# Let $X, Y$ be Hilbert spaces. Is $\mathcal L(X, Y)$ togerther with the operator norm a Hilbert space?

Let $$(X, |\cdot|_1)$$ and $$(Y, |\cdot|_2)$$ be Banach spaces. Let $$\mathcal L(X, Y)$$ be the space of all continuous linear maps from $$X$$ to $$Y$$. We endow $$\mathcal L(X, Y)$$ with the operator norm $$\|\cdot\|$$. Then $$(\mathcal L(X, Y), \|\cdot\|)$$ is a Banach space.
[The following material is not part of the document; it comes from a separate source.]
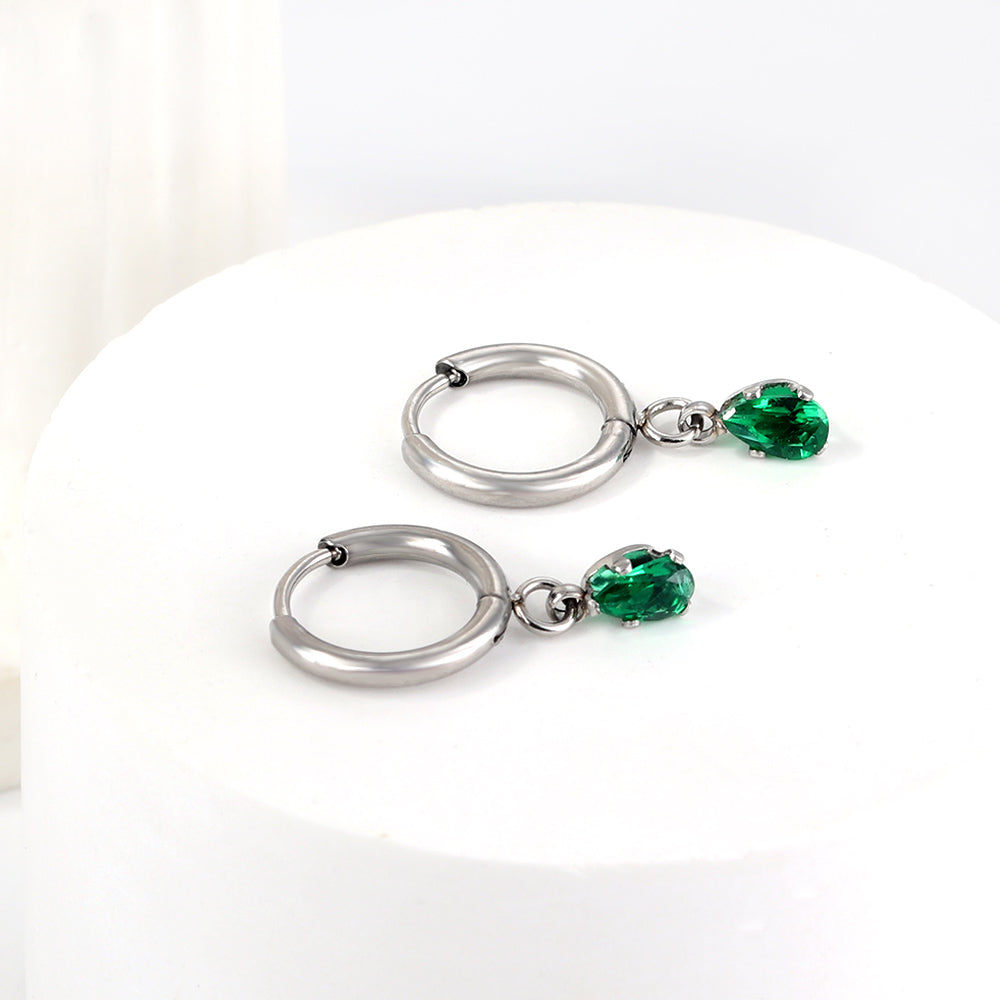 1.5x8mm I.D. earrings + 3.6*5mm white/purple/red/pink/green zirconium drop earrings gold/steel color asonjewelry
I would like to ask if the following statement is true, i.e.,

Statement If $$X, Y$$ are Hilbert spaces, then so is $$\mathcal L(X, Y)$$.

If $$Y =\mathbb R$$, the statement is true by Riesz representation theorem. Thank you so much for your elaboration!

## 2 Answers

The parallelogram-identity fails already for $$2\times 2$$-matrices: Consider the Hilbert space $$X=Y=\mathbb{R}^2$$. Note that for symmetric matrices $$\|A\|= r(A)$$ ($$r$$ the spectral radius). Set $$A=\rm{diag}(2,1)$$ and $$B=\rm{diag}(1,2)$$. Then $$\|A+B\|^2+\|A-B\|^2=3^2 + 1^2 =10,$$ but $$2(\|A\|^2+\|B\|^2)=2(2^2+2^2)=16.$$

Assume the operator norm is associated with an inner product. For a nontrivial projection $$P$$ we have $$1=\|(I-P)\pm P\|^2 \\ =\|I-P\|^2 +\|P\|^2\pm 2{\rm Re}\,\langle I-P,P\rangle\\ =2 \pm 2{\rm Re}\,\langle I-P,P\rangle$$ Hence $$2{\rm Re}\,\langle I-P,P\rangle=\pm 1$$ a contradiction.